The learning curves of robotic and three-dimensional laparoscopic surgery in cervical cancer

J Cancer. 2016 Nov 25;7(15):2304-2308. doi: 10.7150/jca.16653. eCollection 2016.

Abstract

Background: The 3D laparoscopy systems and robotic systems have been introduced into clinical practice for a few years. But the comparison of robotic and 3D laparoscopic gynecologic surgery is still needed.

Objective: To retrospectively compare the learning curves of robotic and 3D laparoscopic hysterectomy and pelvic lymphadenectomy in cervical cancer.

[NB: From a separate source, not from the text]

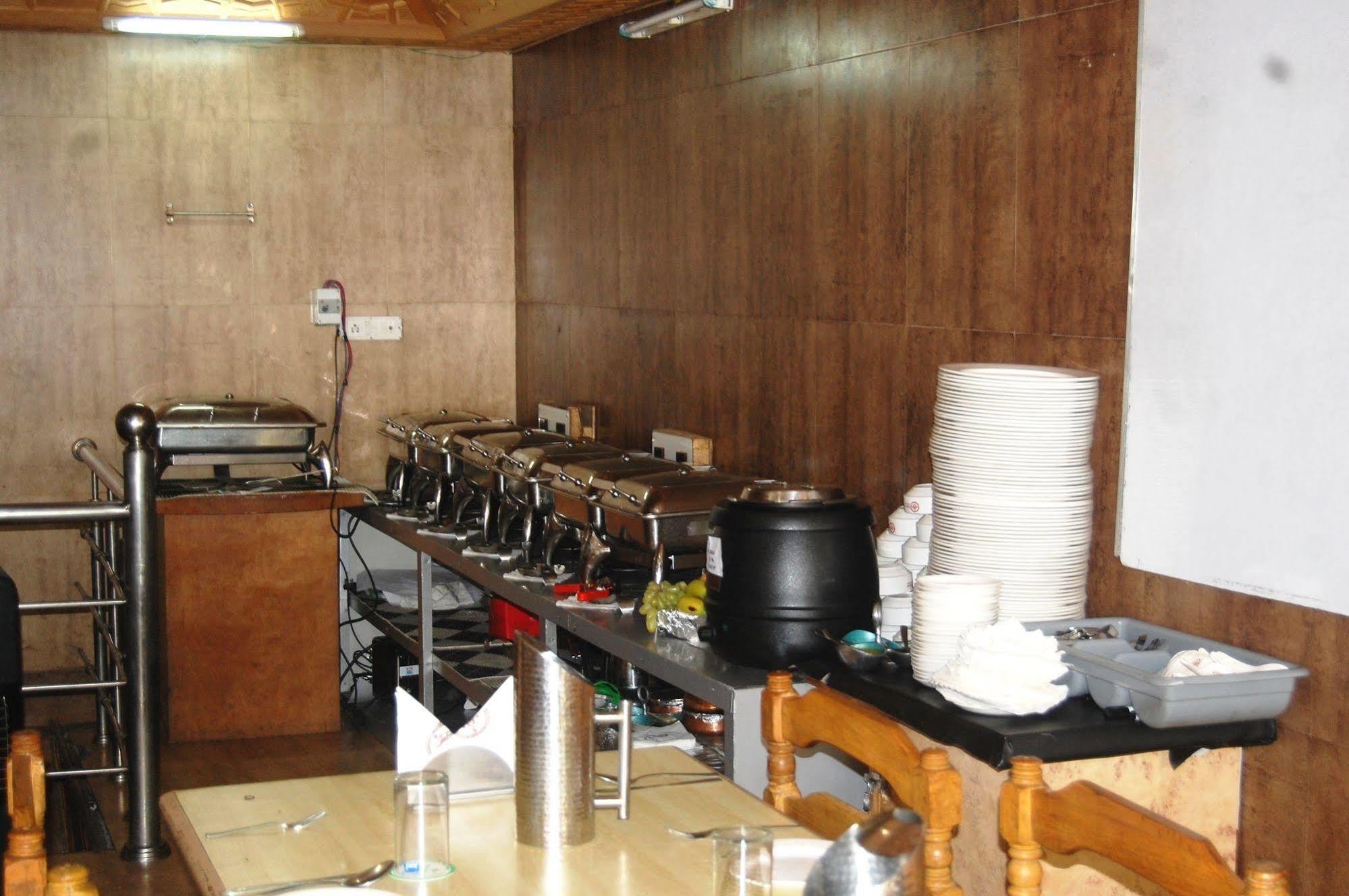 Hotel Paradise Inn Pahalgām Екстериор снимка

Study design: The operational duration, blood loss, peritoneal drainage of first 24 hours after operation, total hospitalization days, hospitalization days after operation, lymph nodes collected, learning curves and cost of robotic and 3D laparoscopic hysterectomy and pelvic lymphadenectomy in cervical cancer performed by one experienced surgeon were studied.

Results: There was one surgeon who performed 37 cases of robotic and 24 cases of 3D laparoscopic hysterectomy and pelvic lymphadenectomy, and the turning point of learning curves was case 13th and case 10th. The differences of duration of operation, blood loss, peritoneal drainage of first 24 hours after operation, total hospitalization days, hospitalization days after operation, lymph nodes collected and perioperative complications were not statistically significant. But the cost of each robotic operation was higher than 3D operation.

Conclusions: The turning point of the learning curve of 3D laparoscopic hysterectomy and pelvic lymphadenectomy is earlier than that of robotic sugery in patients with cervical cancer, and there is no obvious benefit from robotic surgery than 3D surgery in the terms of short-term medical index and hospitalization cost.

Keywords: 3D laparoscopy; hysterectomy and pelvic lymphadenectomy.; learning curve; robotic laparoscopy.